Delighting holidaymakers since 1878, Llandudno Pier projects 2295 feet into the sea
It was built at a time when piers were essential for enticing holidaymakers to seaside resorts. The pier has since been immortalised in the 1952 film The Card, starring Alec Guinness and Petula Clark, which was based on a novel of the same name by Arnold Bennett.
The structure, designed by Charles Henry Driver, opened in August 1877, replacing an earlier, shorter pier that had been supported by 16 wooden piles. Driver’s design is supported by iron columns made by the Elmbank foundry in Glasgow and constructed by Walter McFarlane from the same city. Unusually the pier has two entrances, one on either side of the Grand Hotel. It has been described as a ‘Maharajah’s palace’, with its elaborate decorative ironwork. The Pier Pavilion, which opened in 1886, became the place to go for performances by Jules Rivière's Orchestra, led by the famous French musician.
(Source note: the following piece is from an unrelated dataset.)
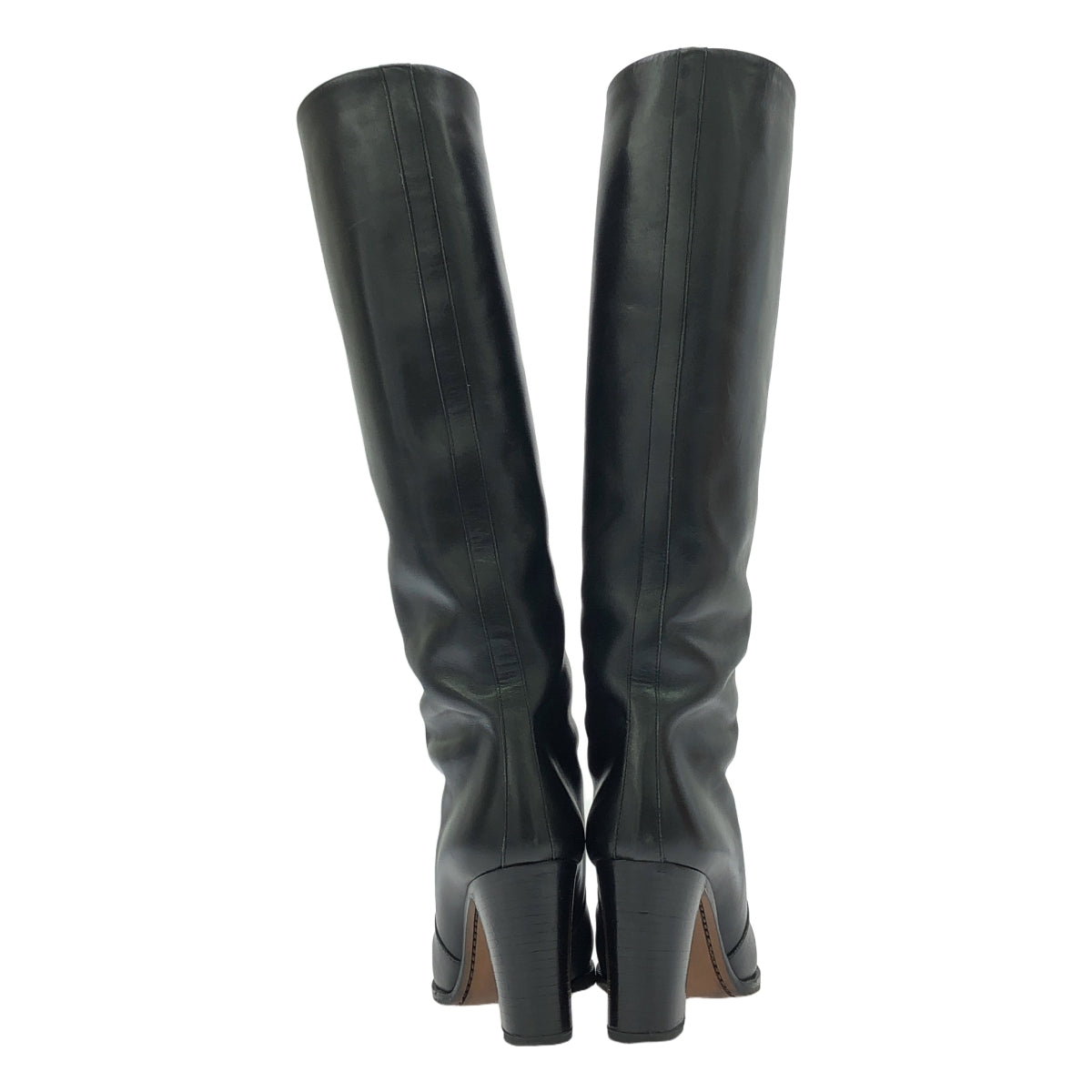 F.LLI. Giacometti / 프라텔리 자코메티 | HORE RIDING BOOTS 가죽 롱 부츠 | 37 1/2 | 블랙 |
The earlier pier had been opened by St George’s Harbour and Railway Company in 1858, but was badly damaged in a storm the following year. The Llandudno Pier Company made sure they improved upon their new pier over the years. In 1884 a landwards extension was added, followed in 1891 by a new landing stage. In the 20th century the Isle of Man steamers bringing visitors to Llandudno needed a new landing stage, so this was rebuilt in concrete and steel in 1969. Sadly the pavilion on the pier was destroyed by fire in 1994, and has not been rebuilt.